Exercise aim — Would you print the lines below exactly, beginning at the line that has "452 Putter Point" and stopping after the line that has "محافظ الأقصر يبحث"? Only those lines, and no pictures.

Data for processing —
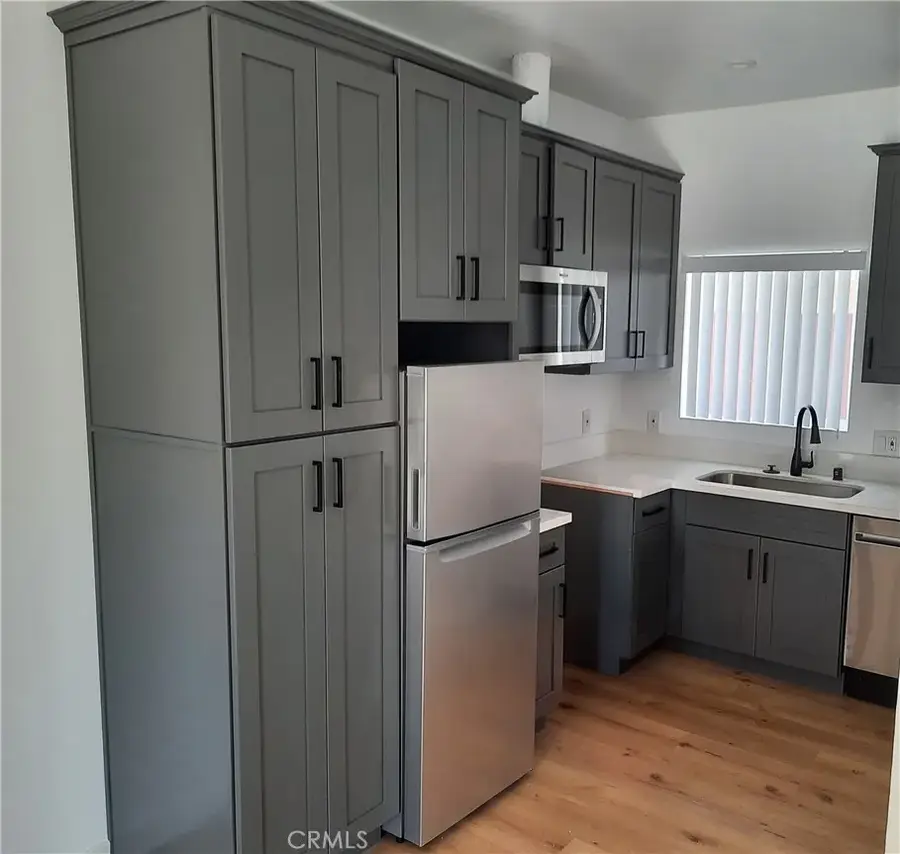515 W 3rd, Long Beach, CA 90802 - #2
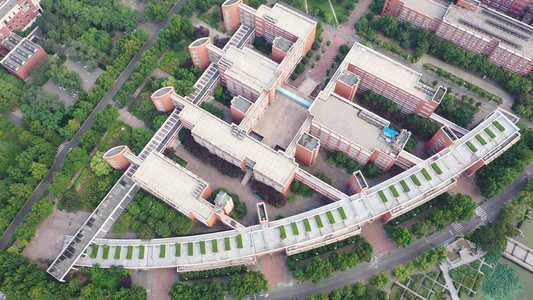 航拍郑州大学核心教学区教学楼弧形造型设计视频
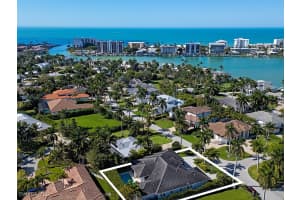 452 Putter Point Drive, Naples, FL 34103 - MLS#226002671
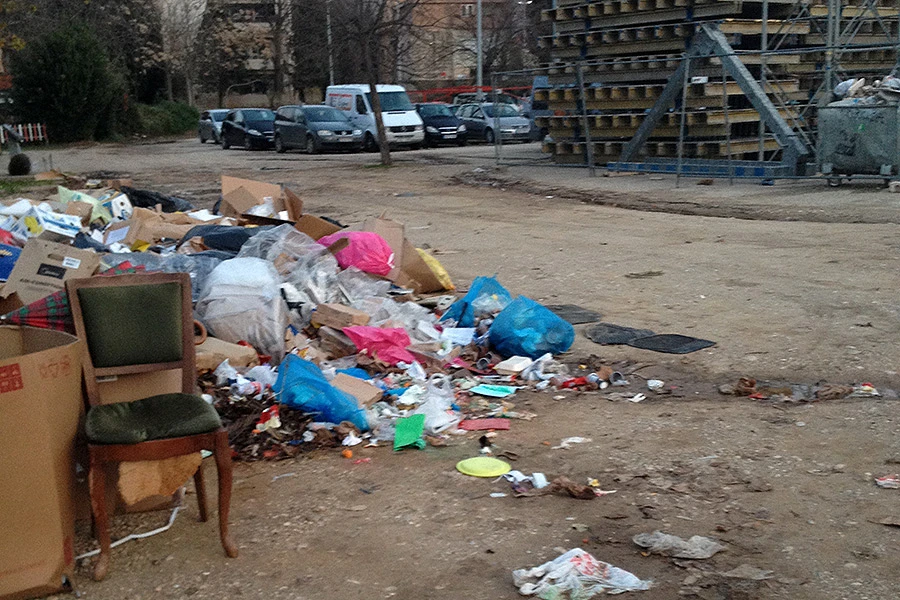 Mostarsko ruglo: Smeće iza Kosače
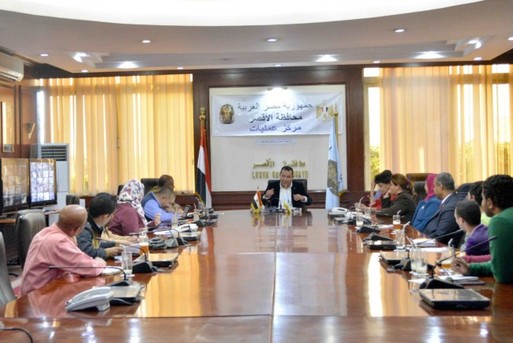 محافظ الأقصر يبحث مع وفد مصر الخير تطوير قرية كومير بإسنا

--

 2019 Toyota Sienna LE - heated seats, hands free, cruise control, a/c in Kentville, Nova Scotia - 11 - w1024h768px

* * *

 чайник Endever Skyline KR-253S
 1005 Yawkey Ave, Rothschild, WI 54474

Written answer —
 452 Putter Point Drive, Naples, FL 34103 - MLS#226002671
 Mostarsko ruglo: Smeće iza Kosače
 محافظ الأقصر يبحث مع وفد مصر الخير تطوير قرية كومير بإسنا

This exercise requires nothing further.